**Task**
Starting at the line that contains "14K White Gold Band : 0.32 cttw Diamonds" and stopping at the line that contains "Shower, Bathroom", transcribe every line of the material below exactly; pictures stay out.

**Given records**
######

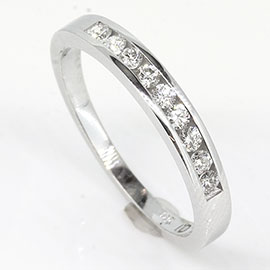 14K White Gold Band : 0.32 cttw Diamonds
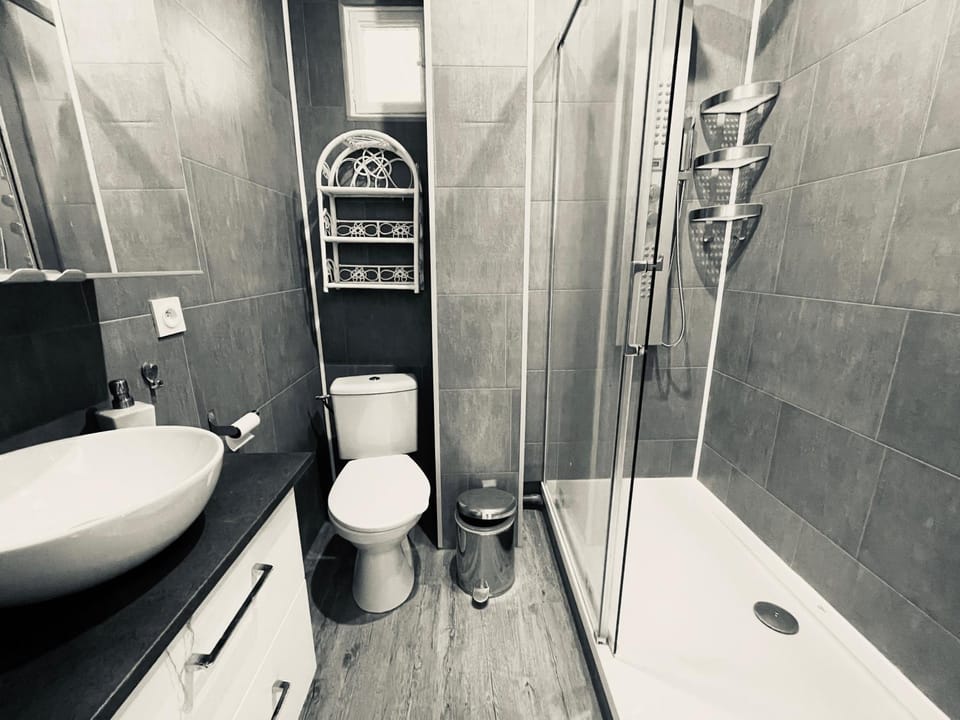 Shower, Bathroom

######

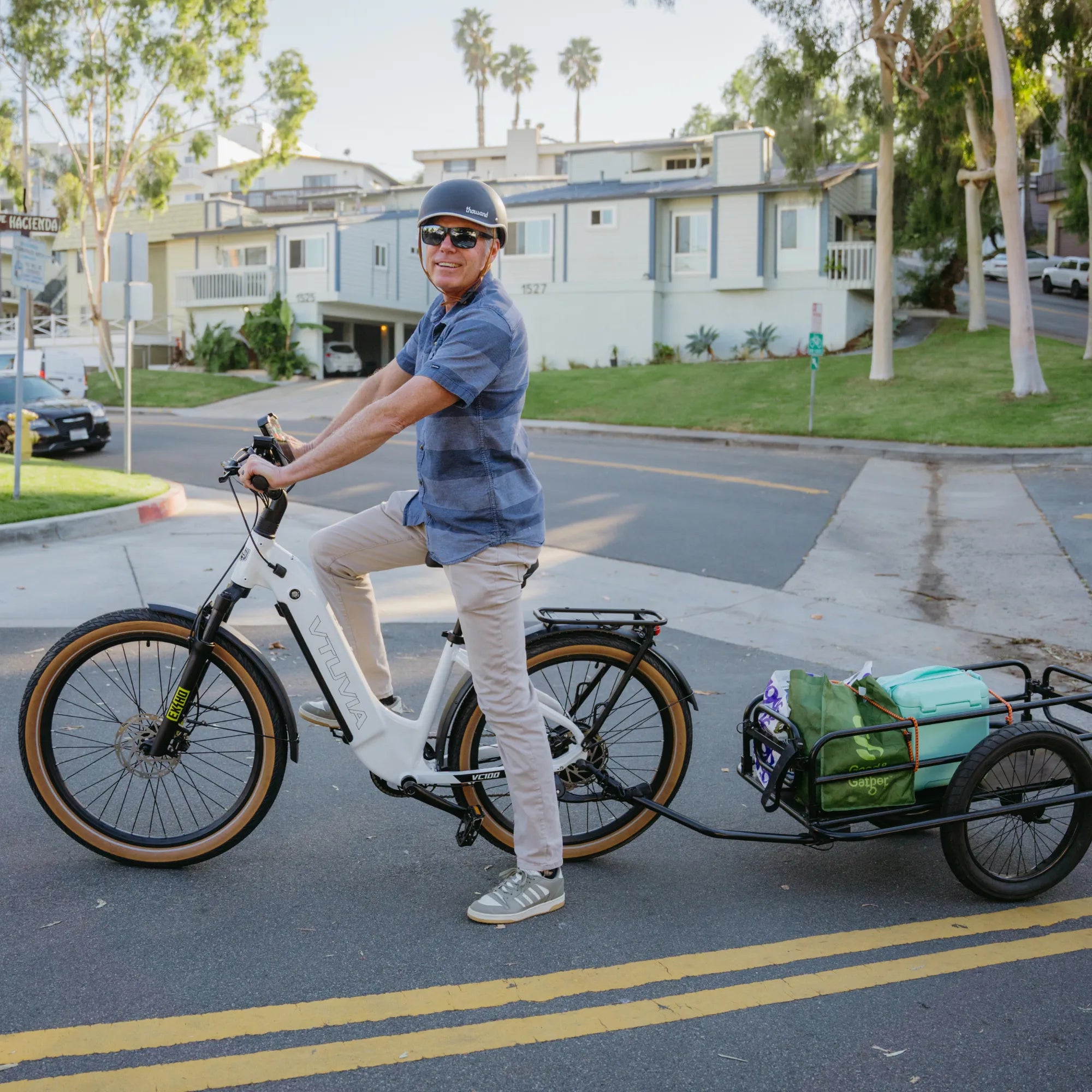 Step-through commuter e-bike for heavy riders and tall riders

######

**Answer below**
 14K White Gold Band : 0.32 cttw Diamonds
 Shower, Bathroom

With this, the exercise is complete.